Strata talk on hunchworks technology

Download PDF

I try not to put too much dayjob stuff here, but sometimes I need to leave less-tidy breadcrumbs for myself.  Here’s the 10-minute (ish) talk I gave at Strata New York this year.

Intro

I’m Sara Farmer, and I’m responsible for technology at Global Pulse. This brings its own special issues.  One thing we’re passionate about is making systems available that help the world. And one thing we’ve learnt is that we can’t do that without cooperation both within and outside the UN.  We’re here to make sure analysts and field staff get the tools that they need, and that’s a) a lot of system that’s needed, and b) something that organisations across the whole humanitarian, development and open data space need too.

<Slide 1: picture of codejammers>

We’re talking to those other organisations about what’s needed, and how we can best pool our resources to build the things that we all need.  And the easiest way for us to do that is to release all our work as open-source software, and act as facilitators and connectors for communities rather than as big-system customers.
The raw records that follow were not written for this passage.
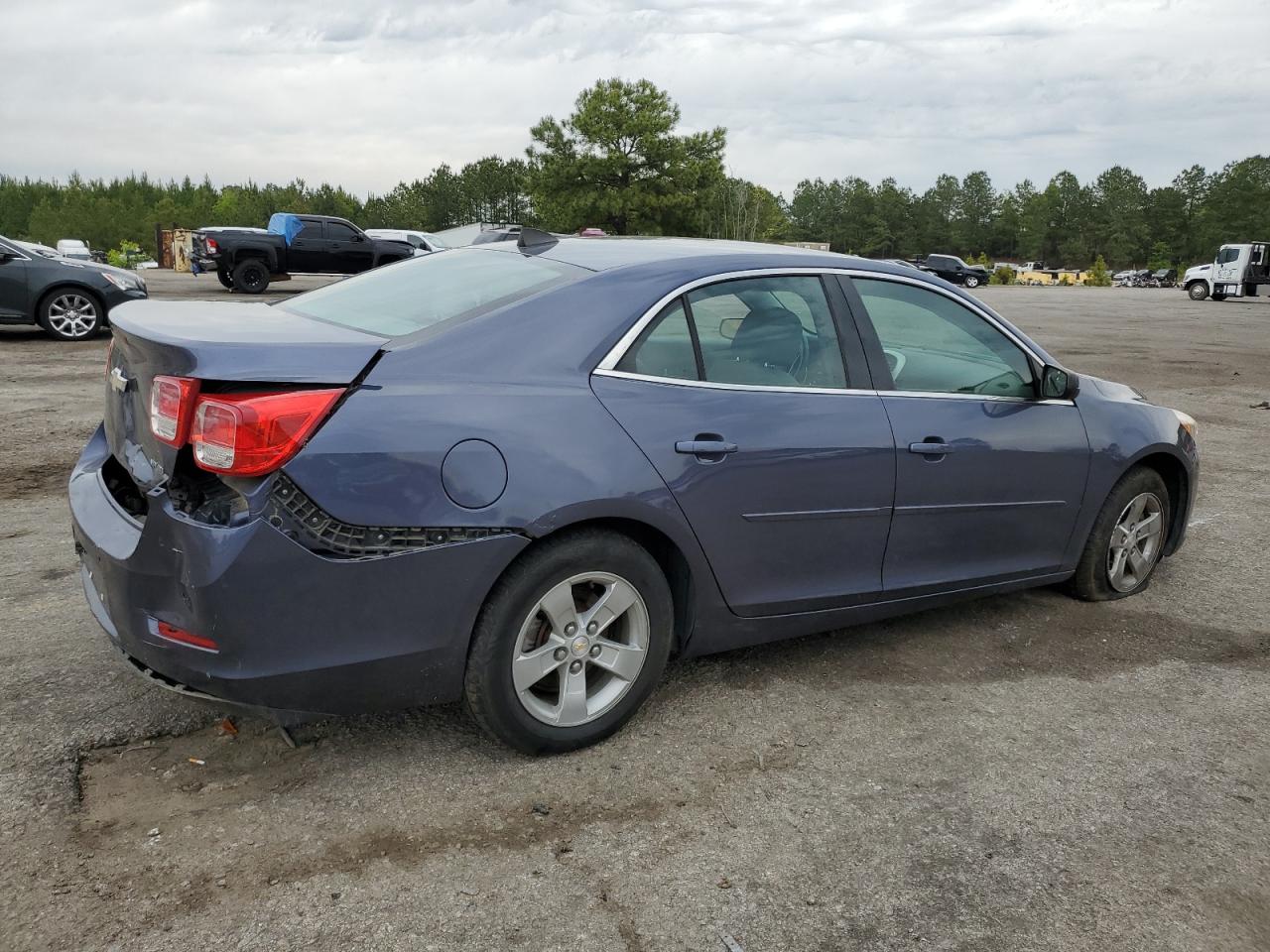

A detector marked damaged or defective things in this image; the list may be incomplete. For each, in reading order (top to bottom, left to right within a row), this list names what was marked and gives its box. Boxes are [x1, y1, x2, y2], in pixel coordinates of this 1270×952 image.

cracked asphalt [2, 278, 1270, 952]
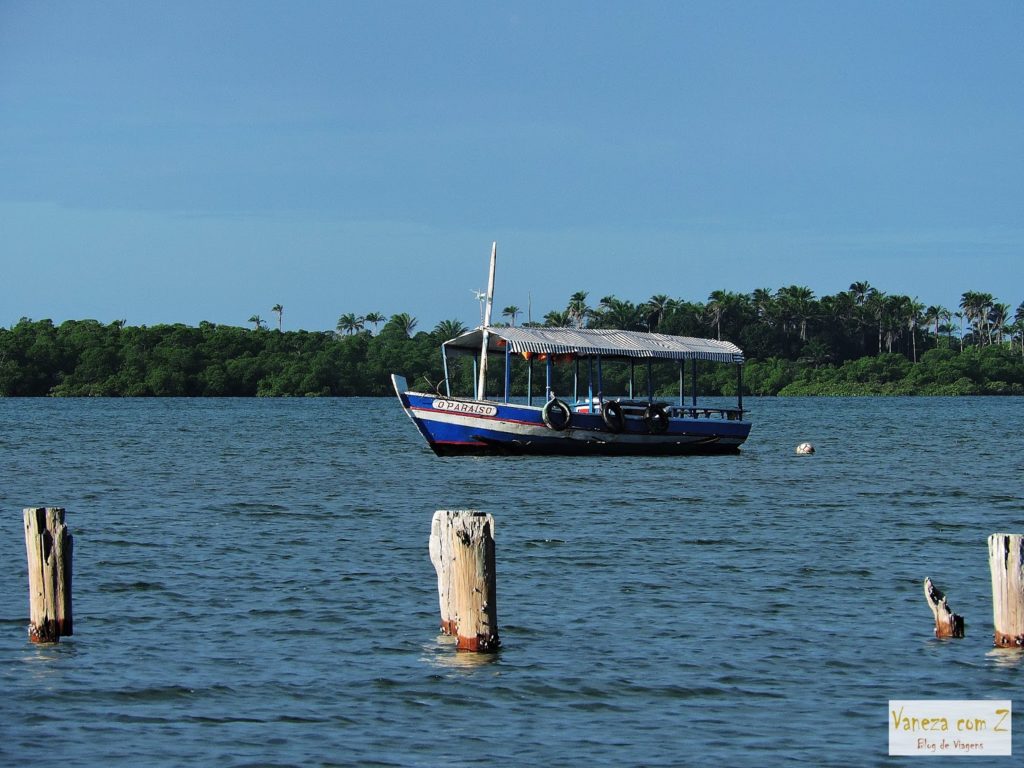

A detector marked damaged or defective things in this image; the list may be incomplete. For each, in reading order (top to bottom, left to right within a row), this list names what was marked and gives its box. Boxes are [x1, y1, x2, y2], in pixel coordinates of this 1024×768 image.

broken wooden piling [23, 507, 73, 647]
broken wooden piling [428, 514, 499, 651]
broken wooden piling [925, 581, 962, 638]
broken wooden piling [983, 536, 1024, 651]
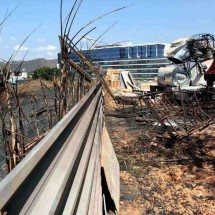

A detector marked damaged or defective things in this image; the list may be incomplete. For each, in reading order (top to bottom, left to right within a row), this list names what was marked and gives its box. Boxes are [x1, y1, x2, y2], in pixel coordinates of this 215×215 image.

bent metal railing [0, 82, 120, 215]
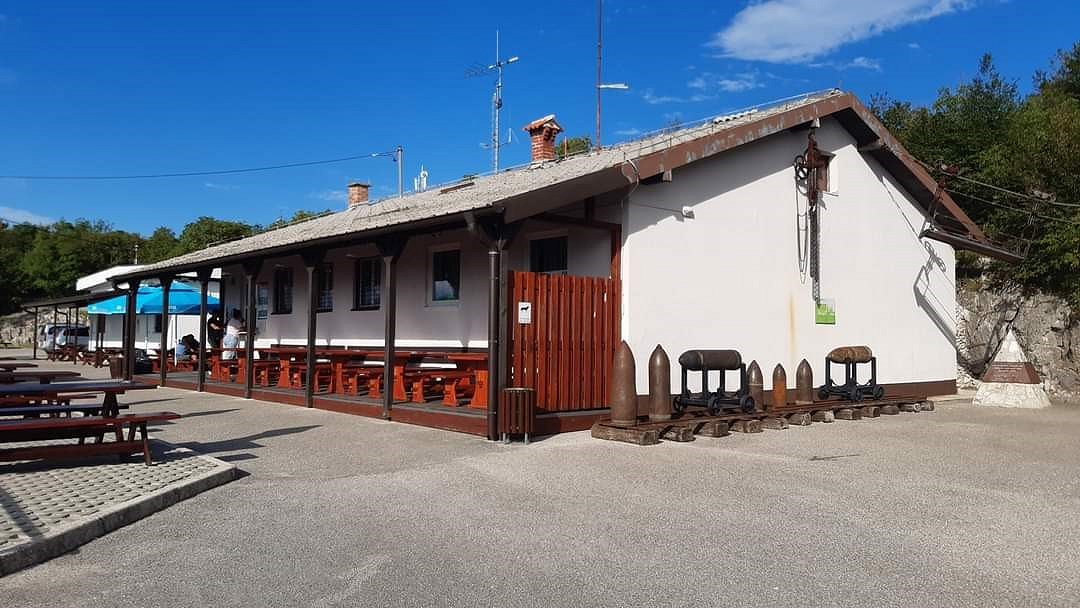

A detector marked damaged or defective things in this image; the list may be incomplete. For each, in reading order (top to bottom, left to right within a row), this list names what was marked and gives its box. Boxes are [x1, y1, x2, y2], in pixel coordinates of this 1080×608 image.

rusty metal artifact [612, 340, 636, 426]
rusty metal artifact [644, 344, 672, 420]
rusty metal artifact [772, 366, 788, 408]
rusty metal artifact [792, 358, 808, 402]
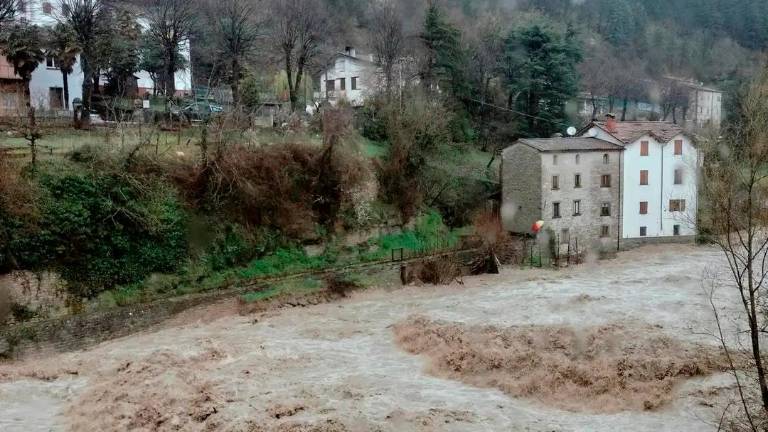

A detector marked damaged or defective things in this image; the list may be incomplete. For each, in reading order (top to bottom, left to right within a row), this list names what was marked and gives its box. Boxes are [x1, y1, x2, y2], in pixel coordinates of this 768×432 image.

damaged embankment [392, 316, 728, 414]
<Slide 2: open-source issues>

Open source isn’t a new idea in the UN – UNDP and UNICEF, amongst others, have trailblazed for us, and we’re grateful to have learnt from their experience in codejams, hackathons and running git repositories and communities.  And it’s a community of people like Adaptive Path and open source coders who make HunchWorks happen, and I’d like to publicly thank their dedication and the dedication of our small tech team.  We have more work to do, not least in building a proper open innovations culture across the UN (we’ve codenamed this “Blue Hacks”) and selecting licensing models that allow us to share data and code whilst meeting the UN’s core mandate, but in this pilot project it’s working well.

<slide 3: bubble diagram with other UN systems we’re connecting to>

We’re already building out the human parts of the system (trust, groups etc) but Hunchworks doesn’t work in isolation: it needs to be integrated into a wider ecosystem of both existing and new processes, users and technologies.  The humanitarian technology world is changing rapidly, and we’ve spent a lot of time thinking about what it’s likely to look like both soon and in the very near future.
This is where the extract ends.